The vagueness of the antagonist's motives was possibly intentional, modelling modern politico's tendency to get take in by empty-yet-powerful rhetoric. But at the end of the day, I felt the villain character was an overly-generalized swipe at a certain segment of the population. Satire looses its sting if it's too easy.
Also, plotwise, all the characters seem to do a lot of holding the idiot ball.
"Sure! I'll totally take orders from a guy who doesn't let me see his face or tell me his name! I'll totally trust that he'll take America back to the state it needs to be, even though I have no clue who he is or how he's going to do it!"
"Yeah, there was an assassination attempt on the presidential candidate a few weeks ago, but after one member of his family dies, we're not going to check and see if this death might have something sinister behind it. Even when the evidence is out where a reporter can conveniently step on it and we've been inside, cleaning the facility anyway..."
"Ooh, I'm an evil henchman rigging a bomb to explode in a hero's trailer. And after I do that, I'm going to kill the occupant's pet and leave it right where he can see it. If he finds a dead animal corpse, he'll totally stick around while the trailer explodes around him, right? It's not like EVIL HENCHMAN 101 teaches us about leaving everything the way we found it if we want our victim to get properly caught up in an explosion..."
The other issue that annoyed me was the book's treatment of the blogger/traditional media divide. I feel like this book came out of an atmosphere that's five, ten years old. I don't think there's the antagonism there once was, especially since print/web journalists make the hop back and forth all the time. The idea that all the Presidential campaigns but one would not include bloggers seems bizarrely retro.
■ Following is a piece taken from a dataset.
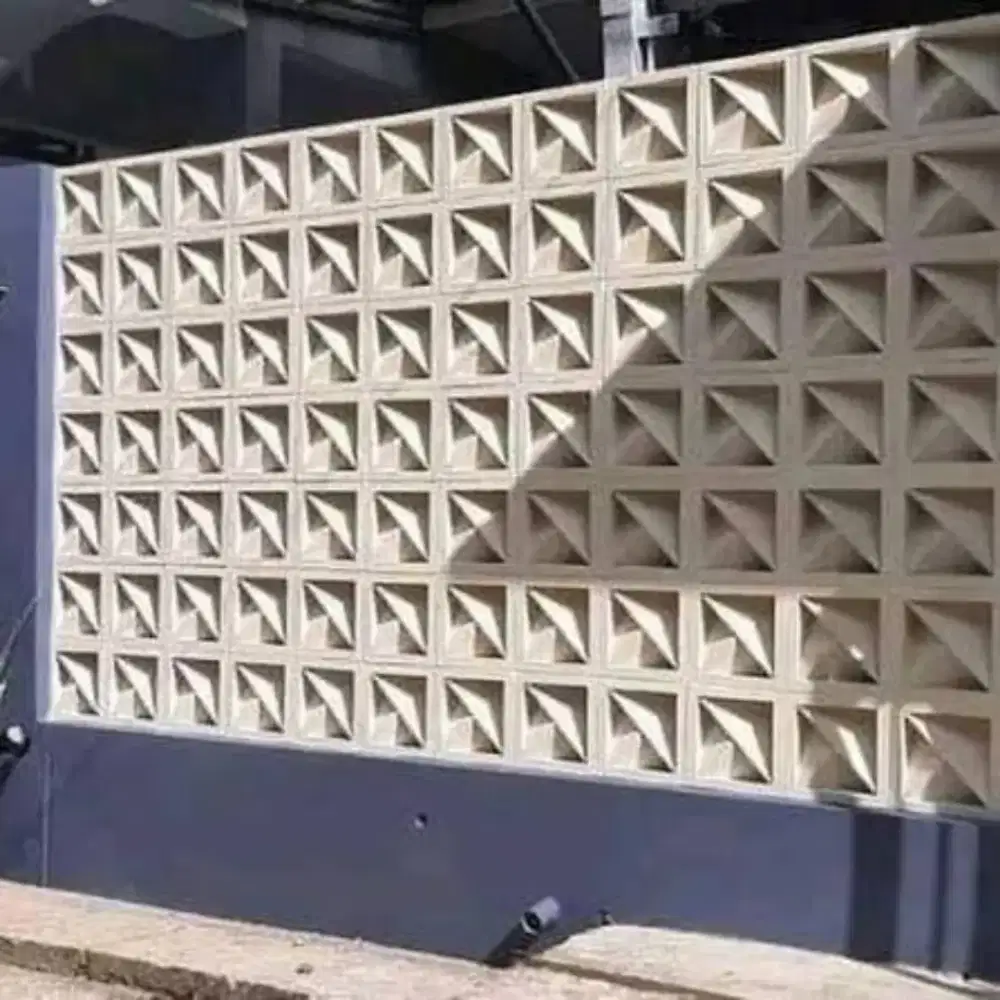 Batu angin roster pagar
The idea that there will still be newspapers in thirty years in itself seems bizarrely retro, especially since going outside in this world is a hazard. What would the insurance premium be for a paper boy?
Even if I do buy the idea that the zombie apocalypse causes all the old flare-ups between reporters and bloggers to surface, I couldn't possibly think it would cause future presidential candidates to ignore online media. There are some things--including publicity seeking--that won't change, even if the world is ending.
Ah well. These are small pet peeves, and almost got me to stop reading, but I'm glad I didn't. After a slow-fuse start, the book ends with an explosive bang. Feed has a lot of great action, great humor, and great fun. I got the rug completely yanked out from under me twice by fantastic plot twists that had me jumping around in my seat. I'd totally recommend this book to people, especially people who love zombies. I would never have written about so many of my negative comments with this book if it hadn't been nominated (and almost won) a Hugo. It just wasn't on that level for me.
The frustrating thing is that this book could so easily have moved from 'good' to fantastic with a more believable antagonist and a few more red herrings. I think, in another few years, this author's books are going to be at the top of my wishlist every year. But it's not in that category yet.